Na prática, o texto põe fim à escala 6×1. A mensagem foi publicada em edição extra do Diário Oficial da União.
O texto fixa um novo limite de jornada em 40 horas semanais e mantém as 8 horas diárias, inclusive para trabalhadores em escalas especiais. Também assegura dois dias de repouso semanal de 24 horas consecutivas, preferencialmente aos sábados e domingos, e consolida o modelo de cinco dias de trabalho para dois de descanso, superando a lógica predominante da escala 6×1.
Os dias de repouso poderão ser definidos em negociação coletiva, respeitando as peculiaridades de cada atividade.
A proposta estabelece, ainda, que a redução da jornada não poderá implicar corte nominal ou proporcional de salários, nem alteração de pisos. A regra vale tanto para contratos em vigor quanto para contratos futuros. A vedação se aplica a todos os regimes, incluindo trabalho integral, parcial e regimes especiais.
O que muda na prática:
• Jornada semanal: limite passa de 44 para 40 horas
• Descanso ampliado: ao menos dois dias de repouso semanal remunerado
• Novo padrão: consolidação do modelo 5×2 e redução das horas trabalhadas
• Salário protegido: vedada qualquer redução salarial
• Abrangência ampla: inclui domésticos, comerciários, atletas, aeronautas, radialistas e outras categorias abrangidas pela CLT e leis especiais
• Aplicação geral: limite de 40 horas passa a valer também para escalas especiais e regimes diferenciados
• Flexibilidade: mantém escalas como 12×36 por acordo coletivo, respeitada a média de 40 horas semanais
Tramitação
O projeto iniciará a tramitação na Câmara, onde caberá ao presidente da Casa, deputado Hugo Motta (Republicanos-PB), definir por quais comissões o texto passará antes de ser votado em plenário.
Devido ao regime de urgência constitucional, os deputados terão 45 dias para analisar o texto.
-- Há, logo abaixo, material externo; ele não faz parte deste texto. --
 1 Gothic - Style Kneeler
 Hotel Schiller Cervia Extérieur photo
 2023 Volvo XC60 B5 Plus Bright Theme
No Senado, o prazo se repete.
Caso esse prazo não seja cumprido, o projeto tranca a pauta de votação, impedindo a análise de outras proposições.
Carta na manga
A avaliação de governistas é que o projeto de lei é estratégico e pressiona os parlamentares a avançar com o fim da escala 6×1, tema já em discussão na Câmara por meio da PEC 221/2019.
O relatório do deputado Paulo Azi (União-BA) à PEC deve ser votado na Comissão de Constituição e Justiça (CCJ) pelos deputados em sessão convocada para às 10h desta quarta-feira (15).
A tendência é que a admissibilidade constitucional da proposta seja aprovada e que uma comissão especial seja instalada para analisar o mérito do texto.
O autor da PEC, deputado Reginaldo Lopes (PT-MG), disse à Gazeta Brasilis na tarde de hoje, acreditar que a proposta será analisada pelos deputados antes do prazo de 45 dias imposto pelo regime de urgência constitucional do projeto de lei.
Outros parlamentares da base governista avaliam, porém, que o projeto de lei seria mais fácil de aprovar. Caso haja mudanças com as quais o governo não concorde, o presidente Lula poderá vetá-las — o que não ocorre no caso de uma PEC, já que a emenda constitucional é promulgada sem passar pela sanção presidencial.